» TASK DESCRIPTION
The records should be written out in full, with nothing altered.
Start of MATERIAL FOR THIS TASK
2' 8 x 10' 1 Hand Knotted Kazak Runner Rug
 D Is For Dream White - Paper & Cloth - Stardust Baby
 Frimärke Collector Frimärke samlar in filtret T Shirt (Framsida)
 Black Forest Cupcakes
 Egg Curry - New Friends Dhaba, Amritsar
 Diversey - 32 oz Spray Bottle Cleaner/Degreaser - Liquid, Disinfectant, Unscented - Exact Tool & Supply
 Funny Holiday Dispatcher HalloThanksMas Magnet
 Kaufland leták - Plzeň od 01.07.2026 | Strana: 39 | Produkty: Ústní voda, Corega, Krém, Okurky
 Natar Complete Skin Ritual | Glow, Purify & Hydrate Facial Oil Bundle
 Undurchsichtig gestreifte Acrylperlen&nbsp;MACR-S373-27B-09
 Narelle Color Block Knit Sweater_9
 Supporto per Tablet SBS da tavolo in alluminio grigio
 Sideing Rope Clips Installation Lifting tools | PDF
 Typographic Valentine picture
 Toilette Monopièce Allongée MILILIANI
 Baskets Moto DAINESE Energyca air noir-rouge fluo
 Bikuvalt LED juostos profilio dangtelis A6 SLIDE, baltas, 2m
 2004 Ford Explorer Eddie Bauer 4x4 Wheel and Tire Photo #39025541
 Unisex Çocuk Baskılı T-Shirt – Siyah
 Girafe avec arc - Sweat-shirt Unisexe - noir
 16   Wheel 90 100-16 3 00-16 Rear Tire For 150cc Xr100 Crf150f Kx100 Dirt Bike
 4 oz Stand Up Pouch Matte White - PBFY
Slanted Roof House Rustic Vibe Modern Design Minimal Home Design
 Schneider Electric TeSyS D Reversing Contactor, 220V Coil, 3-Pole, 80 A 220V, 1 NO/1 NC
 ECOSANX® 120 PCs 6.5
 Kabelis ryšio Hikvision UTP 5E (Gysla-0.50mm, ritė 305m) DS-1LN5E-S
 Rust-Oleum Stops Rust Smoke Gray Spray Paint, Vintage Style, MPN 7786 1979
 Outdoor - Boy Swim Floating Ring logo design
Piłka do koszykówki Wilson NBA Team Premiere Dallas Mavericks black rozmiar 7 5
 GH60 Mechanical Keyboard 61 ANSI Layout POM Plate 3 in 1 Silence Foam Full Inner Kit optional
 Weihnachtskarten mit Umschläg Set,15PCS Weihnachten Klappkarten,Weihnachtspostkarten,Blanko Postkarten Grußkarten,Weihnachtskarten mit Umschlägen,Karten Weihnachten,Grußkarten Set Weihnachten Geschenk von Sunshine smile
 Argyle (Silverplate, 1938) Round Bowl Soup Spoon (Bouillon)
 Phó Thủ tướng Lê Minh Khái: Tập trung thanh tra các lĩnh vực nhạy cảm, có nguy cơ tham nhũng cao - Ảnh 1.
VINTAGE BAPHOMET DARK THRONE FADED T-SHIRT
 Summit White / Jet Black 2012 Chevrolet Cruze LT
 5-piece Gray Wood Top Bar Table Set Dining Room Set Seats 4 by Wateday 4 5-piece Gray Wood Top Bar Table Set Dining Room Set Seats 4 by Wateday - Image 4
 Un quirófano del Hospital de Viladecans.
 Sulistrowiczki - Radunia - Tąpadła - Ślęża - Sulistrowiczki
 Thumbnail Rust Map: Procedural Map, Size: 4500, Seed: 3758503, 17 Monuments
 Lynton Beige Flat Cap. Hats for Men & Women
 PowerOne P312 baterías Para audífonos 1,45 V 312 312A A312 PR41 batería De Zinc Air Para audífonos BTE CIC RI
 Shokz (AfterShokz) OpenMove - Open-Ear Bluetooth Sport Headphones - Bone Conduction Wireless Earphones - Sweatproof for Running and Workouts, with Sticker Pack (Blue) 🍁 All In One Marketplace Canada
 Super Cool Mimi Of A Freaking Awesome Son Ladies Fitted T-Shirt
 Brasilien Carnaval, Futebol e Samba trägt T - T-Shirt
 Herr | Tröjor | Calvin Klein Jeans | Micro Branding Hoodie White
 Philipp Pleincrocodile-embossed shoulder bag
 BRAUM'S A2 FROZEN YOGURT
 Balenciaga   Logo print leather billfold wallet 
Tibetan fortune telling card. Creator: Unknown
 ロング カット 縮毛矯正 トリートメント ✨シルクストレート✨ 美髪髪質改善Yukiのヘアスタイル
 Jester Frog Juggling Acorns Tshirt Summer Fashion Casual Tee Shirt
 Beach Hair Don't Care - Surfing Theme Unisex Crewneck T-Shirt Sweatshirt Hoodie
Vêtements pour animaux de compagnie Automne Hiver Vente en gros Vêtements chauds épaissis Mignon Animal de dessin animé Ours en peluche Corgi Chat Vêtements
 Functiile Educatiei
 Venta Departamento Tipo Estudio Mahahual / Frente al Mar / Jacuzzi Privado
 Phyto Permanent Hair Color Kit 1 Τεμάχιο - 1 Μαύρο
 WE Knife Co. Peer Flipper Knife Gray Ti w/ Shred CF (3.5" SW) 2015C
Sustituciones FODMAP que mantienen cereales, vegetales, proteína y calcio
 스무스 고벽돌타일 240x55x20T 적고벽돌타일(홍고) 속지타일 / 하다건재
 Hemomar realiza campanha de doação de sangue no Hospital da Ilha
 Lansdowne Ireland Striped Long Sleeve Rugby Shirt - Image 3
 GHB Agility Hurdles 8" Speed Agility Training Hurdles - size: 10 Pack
End of MATERIAL FOR THIS TASK
» THE ANSWER
2' 8 x 10' 1 Hand Knotted Kazak Runner Rug
 D Is For Dream White - Paper & Cloth - Stardust Baby
 Frimärke Collector Frimärke samlar in filtret T Shirt (Framsida)
 Black Forest Cupcakes
 Egg Curry - New Friends Dhaba, Amritsar
 Diversey - 32 oz Spray Bottle Cleaner/Degreaser - Liquid, Disinfectant, Unscented - Exact Tool & Supply
 Funny Holiday Dispatcher HalloThanksMas Magnet
 Kaufland leták - Plzeň od 01.07.2026 | Strana: 39 | Produkty: Ústní voda, Corega, Krém, Okurky
 Natar Complete Skin Ritual | Glow, Purify & Hydrate Facial Oil Bundle
 Undurchsichtig gestreifte Acrylperlen&nbsp;MACR-S373-27B-09
 Narelle Color Block Knit Sweater_9
 Supporto per Tablet SBS da tavolo in alluminio grigio
 Sideing Rope Clips Installation Lifting tools | PDF
 Typographic Valentine picture
 Toilette Monopièce Allongée MILILIANI
 Baskets Moto DAINESE Energyca air noir-rouge fluo
 Bikuvalt LED juostos profilio dangtelis A6 SLIDE, baltas, 2m
 2004 Ford Explorer Eddie Bauer 4x4 Wheel and Tire Photo #39025541
 Unisex Çocuk Baskılı T-Shirt – Siyah
 Girafe avec arc - Sweat-shirt Unisexe - noir
 16   Wheel 90 100-16 3 00-16 Rear Tire For 150cc Xr100 Crf150f Kx100 Dirt Bike
 4 oz Stand Up Pouch Matte White - PBFY
Slanted Roof House Rustic Vibe Modern Design Minimal Home Design
 Schneider Electric TeSyS D Reversing Contactor, 220V Coil, 3-Pole, 80 A 220V, 1 NO/1 NC
 ECOSANX® 120 PCs 6.5
 Kabelis ryšio Hikvision UTP 5E (Gysla-0.50mm, ritė 305m) DS-1LN5E-S
 Rust-Oleum Stops Rust Smoke Gray Spray Paint, Vintage Style, MPN 7786 1979
 Outdoor - Boy Swim Floating Ring logo design
Piłka do koszykówki Wilson NBA Team Premiere Dallas Mavericks black rozmiar 7 5
 GH60 Mechanical Keyboard 61 ANSI Layout POM Plate 3 in 1 Silence Foam Full Inner Kit optional
 Weihnachtskarten mit Umschläg Set,15PCS Weihnachten Klappkarten,Weihnachtspostkarten,Blanko Postkarten Grußkarten,Weihnachtskarten mit Umschlägen,Karten Weihnachten,Grußkarten Set Weihnachten Geschenk von Sunshine smile
 Argyle (Silverplate, 1938) Round Bowl Soup Spoon (Bouillon)
 Phó Thủ tướng Lê Minh Khái: Tập trung thanh tra các lĩnh vực nhạy cảm, có nguy cơ tham nhũng cao - Ảnh 1.
VINTAGE BAPHOMET DARK THRONE FADED T-SHIRT
 Summit White / Jet Black 2012 Chevrolet Cruze LT
 5-piece Gray Wood Top Bar Table Set Dining Room Set Seats 4 by Wateday 4 5-piece Gray Wood Top Bar Table Set Dining Room Set Seats 4 by Wateday - Image 4
 Un quirófano del Hospital de Viladecans.
 Sulistrowiczki - Radunia - Tąpadła - Ślęża - Sulistrowiczki
 Thumbnail Rust Map: Procedural Map, Size: 4500, Seed: 3758503, 17 Monuments
 Lynton Beige Flat Cap. Hats for Men & Women
 PowerOne P312 baterías Para audífonos 1,45 V 312 312A A312 PR41 batería De Zinc Air Para audífonos BTE CIC RI
 Shokz (AfterShokz) OpenMove - Open-Ear Bluetooth Sport Headphones - Bone Conduction Wireless Earphones - Sweatproof for Running and Workouts, with Sticker Pack (Blue) 🍁 All In One Marketplace Canada
 Super Cool Mimi Of A Freaking Awesome Son Ladies Fitted T-Shirt
 Brasilien Carnaval, Futebol e Samba trägt T - T-Shirt
 Herr | Tröjor | Calvin Klein Jeans | Micro Branding Hoodie White
 Philipp Pleincrocodile-embossed shoulder bag
 BRAUM'S A2 FROZEN YOGURT
 Balenciaga   Logo print leather billfold wallet 
Tibetan fortune telling card. Creator: Unknown
 ロング カット 縮毛矯正 トリートメント ✨シルクストレート✨ 美髪髪質改善Yukiのヘアスタイル
 Jester Frog Juggling Acorns Tshirt Summer Fashion Casual Tee Shirt
 Beach Hair Don't Care - Surfing Theme Unisex Crewneck T-Shirt Sweatshirt Hoodie
Vêtements pour animaux de compagnie Automne Hiver Vente en gros Vêtements chauds épaissis Mignon Animal de dessin animé Ours en peluche Corgi Chat Vêtements
 Functiile Educatiei
 Venta Departamento Tipo Estudio Mahahual / Frente al Mar / Jacuzzi Privado
 Phyto Permanent Hair Color Kit 1 Τεμάχιο - 1 Μαύρο
 WE Knife Co. Peer Flipper Knife Gray Ti w/ Shred CF (3.5" SW) 2015C
Sustituciones FODMAP que mantienen cereales, vegetales, proteína y calcio
 스무스 고벽돌타일 240x55x20T 적고벽돌타일(홍고) 속지타일 / 하다건재
 Hemomar realiza campanha de doação de sangue no Hospital da Ilha
 Lansdowne Ireland Striped Long Sleeve Rugby Shirt - Image 3
 GHB Agility Hurdles 8" Speed Agility Training Hurdles - size: 10 Pack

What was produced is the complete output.